Author

Ellis Ng, journalist

Hong Kong SAR of China’s restructuring specialists are navigating one of the busiest periods in over a decade while deliberating on how AI might impact their workflows.

According to PwC data, corporate insolvencies in Hong Kong SAR climbed to 589 cases in the 11 months to November 2025: a 45% increase from 2024 and the highest level since 2009. PwC points to financial strain across various sectors beyond real estate, with the insolvency landscape influenced by weaker trade flows, higher borrowing costs, and a sluggish consumer recovery.

AI has moved from pilot to production across much of the profession

Talent pressure

With the outlook expected to remain steady as cases pass through the courts, the increased workload is leading firms to invest in their talent pools. EY, for example, is expected to expand its restructuring team from 80 to 130 in 2026, noting that more companies are turning to preventive restructuring as they navigate geopolitical tensions and tariff uncertainty.

Against this backdrop, AI has moved from pilot to production across much of the profession. Senior leaders at PwC, EY, BDO and RSM all see it as part of restructuring’s future, but they draw the line in different places.

‘AI has changed restructuring consulting mainly by improving efficiency’

At the more ambitious end of the spectrum, BDO and RSM describe AI as already transformative. Ben Yip, director and head of value creation and restructuring at BDO Hong Kong, says AI has ‘compressed timelines and accelerated insight generation. Tasks that historically absorbed significant time – such as reviewing large volumes of financial data, contracts, proofs of debt and correspondence – can now be completed far more efficiently.’

The result, he argues, is that professionals at all levels spend less time on mechanical data processing and more on evaluating restructuring options and engaging with creditors.

Shift in focus

Jason Yau, partner and head of technology at RSM in Hong Kong SAR, says: ‘Within the last 12 months, AI has completely transformed restructuring consulting. The focus of consultants has moved from time-consuming data gathering to impactful strategic decision-making.’

He points to AI-powered tools that allow teams to ‘synthesise years of financial data in just a matter of hours’, enabling predictive modelling and sensitivity analysis for asset recovery scenarios.

Derek Lai, senior partner and leader of Asia-Pacific turnaround and restructuring at EY, says that ‘AI has changed restructuring consulting mainly by improving efficiency in certain support tasks. Restructuring engagements still depend on professional judgment, experience, stakeholder management and careful decision-making.’

Lai advises firms to take ‘a cautious and phased approach’, starting with lower-risk use cases such as research, standard templates and workflow administration.

Governance differentiates

There is good reason for caution. Restructuring outputs frequently underpin court filings, creditor recoveries and statutory determinations – areas where errors carry legal consequences – which explains why a ‘human-in-the-loop’ framework is deemed essential.

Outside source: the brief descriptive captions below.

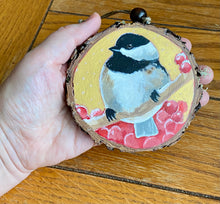 Load image into Gallery viewer, Chickadee | Original Wood Slice Painting
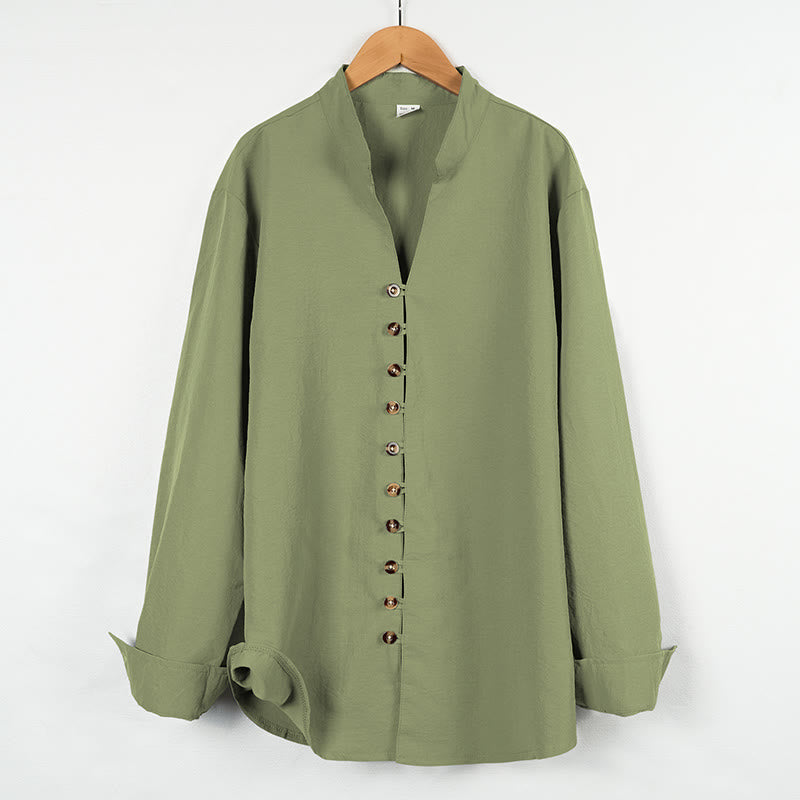 Koszula męska z długim rękawem i guzikami w jednolitym kolorze z Buddha Stones - DarkSeaGreen - US/UK/AU46， EU56 (3XL) - image 19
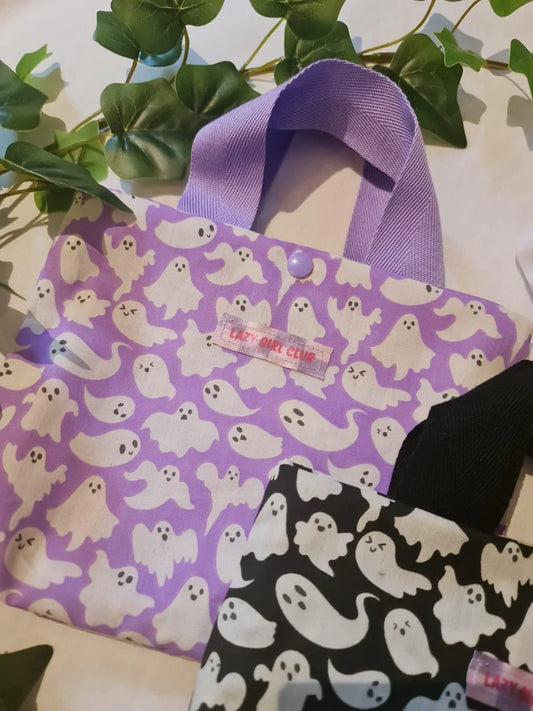 Mini Tote Bags | Ghost Print Lilac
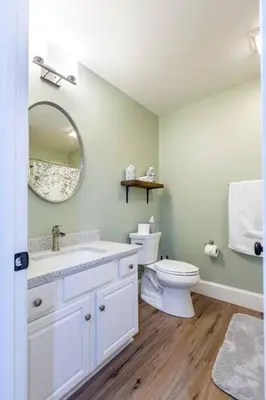 a bathroom with a sink and a toilet and a mirror at The Queen Place - Updated-Private Backyard in Gordonville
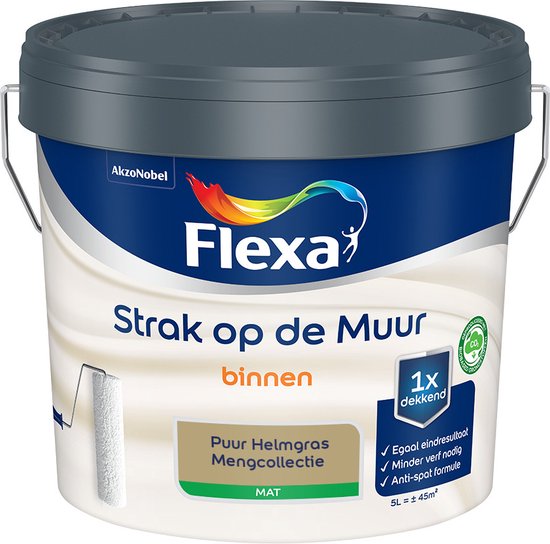 Foto: Flexa strak op de muur muurverf mengcollectie puur helmgras 5 liter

‘Liquidators should remain legally and ethically responsible for all decisions’

Yip at BDO describes ‘clear policies on approved AI use cases, mandatory transparency around AI usage and structured senior review at key decision points – particularly for court filings, creditor communications and determinations affecting recoveries’. Yau at RSM echoes this, warning that ‘the liquidator should remain legally and ethically responsible for all decisions’ and that AI ‘should always be treated as an assistant to the professionals’.

EY’s Lai frames it as a matter of institutional risk management. ‘Personal data, client data, privileged material and other confidential information should not be entered into non-approved AI systems,’ he says. ‘AI outputs should be reviewed by qualified professionals and should not be treated as final advice without validation.’

Rise of hybrid workforce

AI is reshaping the work – and, with it, the skills the profession demands. Christopher So, partner at PwC Hong Kong, highlights the growing premium on hybrid talent – professionals who can marry restructuring expertise with technological fluency.

‘We need talent who not only understand the complexities of a distressed company,’ he says. ‘They also need to know how to use AI as a powerful analytical tool, critically judging its output.’ PwC has invested in its proprietary ChatPwC platform and continuous upskilling programmes, but So acknowledges the challenge: ‘The market for such hybrid talent is incredibly competitive.’

According to the 2025 Intuit QuickBooks survey, 80% of accountants report difficulty hiring skilled professionals at their firm. AI could help ease the pressure, and adoption is rising fast: Wolters Kluwer found that the share of accounting professionals using AI jumped from 9% in 2024 to 41% in 2025. Yet ADP Research found in March 2026 that only 19% of professional services workers use AI daily, while 17% have never used it at work at all. The technology is gaining ground, but unevenly.

That unevenness may create opportunities. Yip argues that while the Big Four benefit from ‘organisational scale and significant investment in proprietary AI platforms’, mid-tier firms can ‘use AI to significantly reduce manual processing and deliver high-quality analysis at speed, without the need for very large teams’.

As the nature of routine analytical work evolves, he says, ‘competitive advantage shifts toward judgment, sector expertise and stakeholder management rather than firm scale alone’.